CRWV Form 4: Director Receives 1,980 RSUs; Large Indirect Holdings Disclosed
Rhea-AI Filing Summary
CoreWeave, Inc. (CRWV) Form 4 shows Director Glenn H. Hutchins received restricted stock unit awards that convert into Class A common stock. The filing records grants of 1,440 and 540 restricted stock units (totaling 1,980 underlying shares) issued at no cash price and reflected as acquisitions. The reporting lines show reported direct beneficial ownership figures of 3,380 and 3,920 shares following those entries.
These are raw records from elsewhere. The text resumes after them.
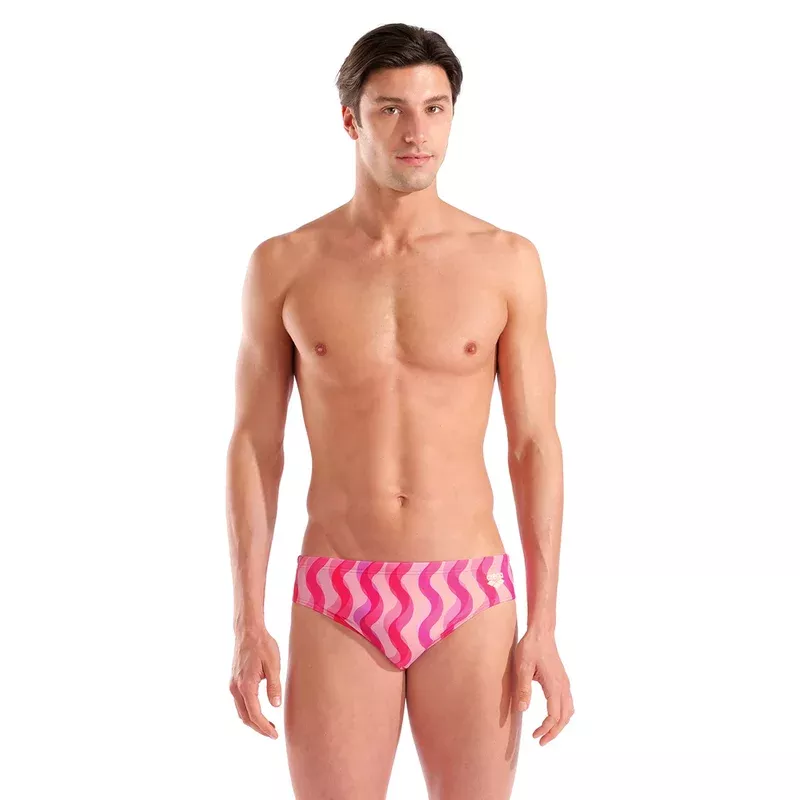 Arena Men’s Ripple Brief Swimsuit
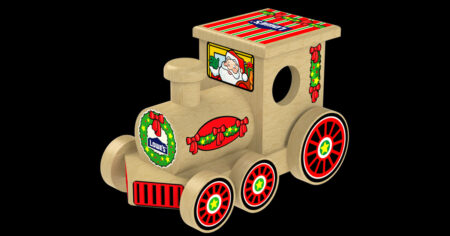 lowes train
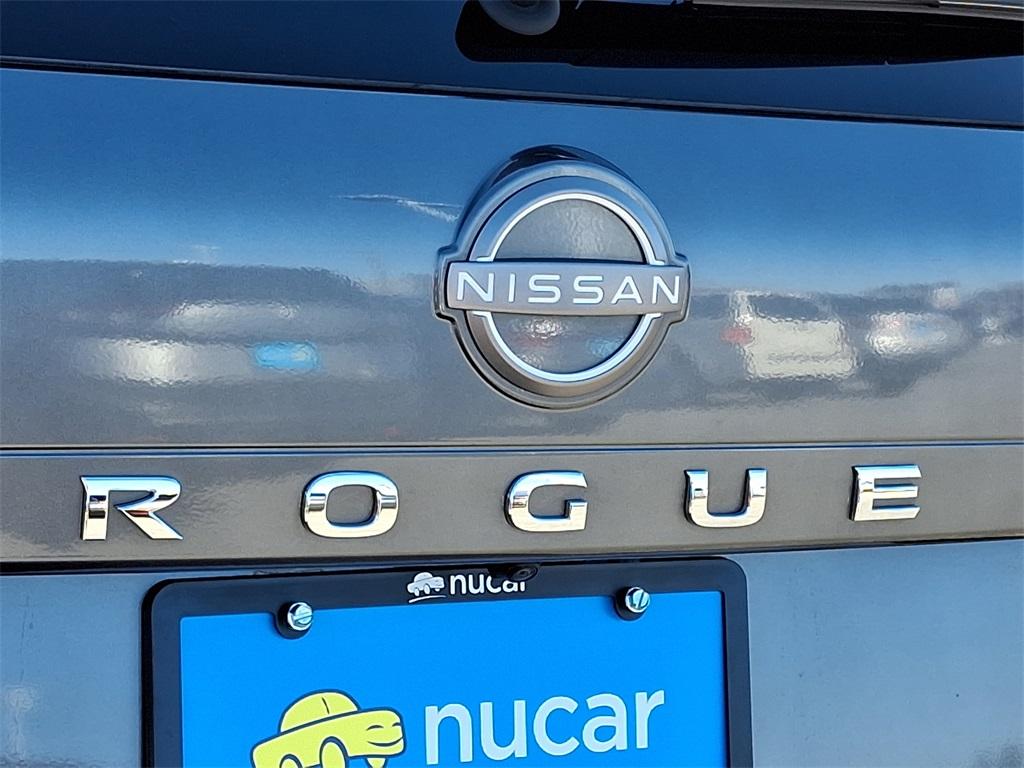 2022 Nissan Rogue SV - Photo 29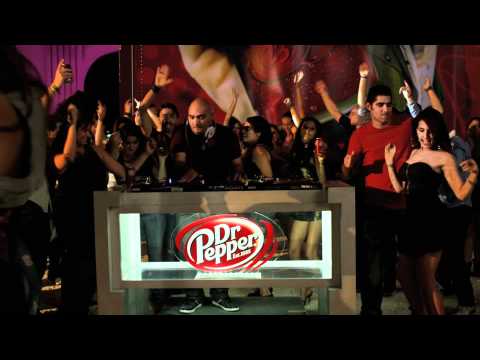 Dr Pepper - "Let's Have A Real Good Time/Vida 23 feat. Pitbull"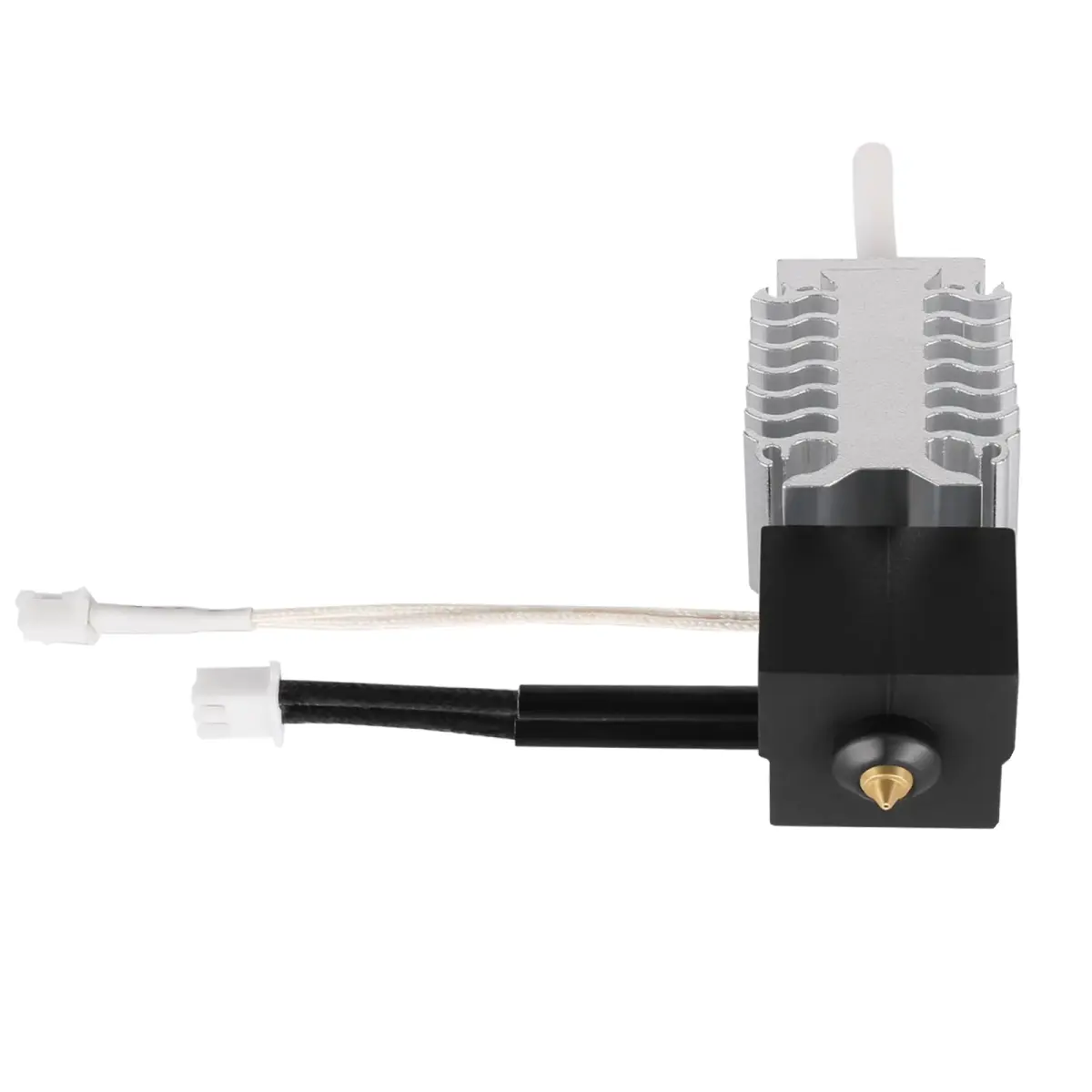 Creality Ender 3 V3 SE Hotend Kit 250mm/s High-Speed Assembled Extruder with Silicone Sock & Bowden Tube | 260℃ High-Temp Copper Alloy Nozzle - view 9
The report discloses significant indirect holdings: 10,640 shares held by North Island Inferno Fund II LLC and 384,840 shares held by Tide Mill LLC. The RSUs vest on a periodic schedule (1/12 or 1/4 tranches on specified calendar dates) and are contingent on continued service. The filing also corrects a prior misstatement by removing an erroneously attributed entity (North Island SPV CW LLC).
Positive
- 1,980 RSUs granted (1,440 and 540) aligning the director’s interests with shareholders via equity compensation
- Large indirect holdings disclosed explicitly: 10,640 shares (North Island Inferno Fund II LLC) and 384,840 shares (Tide Mill LLC), improving transparency
- Correction issued removing an erroneously attributed entity (North Island SPV CW LLC), clarifying prior reporting
Negative
- Prior filings misstated ownership by including North Island SPV CW LLC; administrative errors in Section 16 reporting can raise governance scrutiny
- Concentrated indirect ownership (384,840 shares via Tide Mill LLC) represents a large position disclosed in the filing
Insights
TL;DR: Director received 1,980 RSUs; large indirect holdings disclosed; prior filing corrected for an erroneously attributed entity.
The filing documents grants of 1,440 and 540 restricted stock units that convert to Class A common stock at settlement, recorded as acquisitions at $0. Reported direct beneficial ownership totals are shown after each grant line. Material indirect holdings are explicitly disclosed: 10,640 shares via North Island Inferno Fund II LLC and 384,840 shares via Tide Mill LLC. No sales or dispositions are reported. The correction removing North Island SPV CW LLC clarifies prior reporting; it is an administrative fix rather than a new transaction.
TL;DR: Disclosure shows alignment via equity awards and a corrective amendment to prior filings; governance note on reporting accuracy.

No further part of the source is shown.